La Iglesia lo usa para su Rey y Señor, Jesucristo, que es “Rey de reyes y Señor
de señores”, como dice el Apocalipsis.
En el rezo de la
Misa cotidiana, los Kyries se cantan
así:
Sacerdote:
Señor, ten piedad.
Todos:
Señor, ten piedad.
Sacerdote:
Cristo, ten piedad.
Todos:
Cristo, ten piedad.
Sacerdote:
Señor, ten piedad.
Todos:
Señor, ten piedad.
Llamamos
a Dios para pedirle que perdone nuestros pecados y para lograr su perdón le
ofrecemos las llagas, las heridas, los golpes de Jesús en la Cruz, y así
estamos seguros de que Dios nos perdonará, viendo cómo ha quedado Jesús, tan
herido y golpeado para salvarnos.
Rogamos
a Cristo nuestro Señor, que se digne tomar en sus “sangrientas manos
paternales”, en sus manos sagradas, que están crucificadas y bañadas en su
sangre, nuestras oraciones y las presente ante la faz de nuestro Padre[2].

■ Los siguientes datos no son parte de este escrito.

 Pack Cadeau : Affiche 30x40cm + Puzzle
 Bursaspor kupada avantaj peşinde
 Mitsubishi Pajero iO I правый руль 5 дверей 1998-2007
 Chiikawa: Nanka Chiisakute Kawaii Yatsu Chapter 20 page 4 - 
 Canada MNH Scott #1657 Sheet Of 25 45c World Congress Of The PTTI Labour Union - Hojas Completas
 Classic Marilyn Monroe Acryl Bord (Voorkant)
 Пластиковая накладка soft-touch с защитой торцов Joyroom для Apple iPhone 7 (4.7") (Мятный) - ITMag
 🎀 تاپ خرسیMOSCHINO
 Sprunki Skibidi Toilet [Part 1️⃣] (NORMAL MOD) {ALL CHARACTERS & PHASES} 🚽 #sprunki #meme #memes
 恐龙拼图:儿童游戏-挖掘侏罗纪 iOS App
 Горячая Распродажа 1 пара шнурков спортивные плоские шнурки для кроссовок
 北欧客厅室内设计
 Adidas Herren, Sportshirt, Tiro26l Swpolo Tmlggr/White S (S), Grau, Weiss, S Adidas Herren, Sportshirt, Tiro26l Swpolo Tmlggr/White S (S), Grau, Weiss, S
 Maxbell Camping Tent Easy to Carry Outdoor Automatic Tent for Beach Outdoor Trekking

En esta parte de la Misa somos como el ciego
Bartimeo, que imploraba ser curado de su ceguera, gritando: “Señor, ten piedad
de mí” (cfr. Mc 10, 47), o también
como el padre de un niño poseído por el demonio: “¡Si algo puedes, ayúdanos,
ten piedad de nosotros!” (Mc 9, 22).
Somos como el ciego Bartimeo porque “Dios es luz” y cuando obramos el mal,
vivimos en la oscuridad, y somos como el padre del niño endemoniado, porque sin
la ayuda de Jesús, el demonio, que es el “Príncipe de este mundo”, nos domina y
nos tiene bajo su poder. Jesús, que es Dios, tiene poder de perdonarnos
nuestros pecados, de iluminarnos y de comunicarnos su bondad, y también de
alejar al demonio de nuestras vidas, y para esto es que lo invocamos.
Invocamos
y saludamos a Cristo así como antes se invocaba y saludaba a los reyes, que
entraban triunfantes después de la batalla, trayendo encadenados a sus
enemigos, solo que en la Iglesia, el que vuelve triunfante de la batalla, es
nuestro Rey Jesucristo, y la insignia victoriosa que enarbola es la Cruz
ensangrentada, y los enemigos vencidos y encadenados, a quienes Jesús los ha
derrotado para siempre con su Cruz, son la muerte, el pecado y el demonio con
todo el infierno junto.
Otro significado
que tenían los Kyries en la
antigüedad, era el ser cantos con los que los antiguos saludaban al sol, cuando
salía por la mañana. La Iglesia tomó esta costumbre pero para cantarle no al
astro sol, al sol estrella de nuestro sistema planetario -hacer eso sería un
grave pecado de idolatría-, sino a Jesucristo, uno de cuyos nombres es el de
Verdadero Sol de justicia, “Sol que nace de lo alto” (cfr. Lc 1, 78): “Por la entrañable misericordia de nuestro Dios, nos
visitará el sol que nace de lo alto”. Jesús es como un sol, que viene a este
mundo para “iluminar a los que viven en tinieblas y en sombra de muerte” y para
“guiar nuestros pasos por el camino de la paz”[3].
Jesucristo es la
luz de Dios que ilumina a este mundo de tinieblas, que derrota para siempre a
las tinieblas del infierno, que da la Vida eterna a quienes la reciben en la
comunión; es el Sol de justicia, que irradia la luz divina, y se manifiesta en
el tiempo sacramental de la Iglesia bajo apariencia de pan, y por todo esto lo
saludamos con el Kyrie..
Por
último, en la Edad Media, los Kyries eran nueve en honor a la Santísima
Trinidad, y por eso es también para algunos es un himno trinitario: en los tres
primeros se honra al Padre, en los tres segundos se honra al Hijo y en los tres
últimos se honra al Espíritu Santo[4].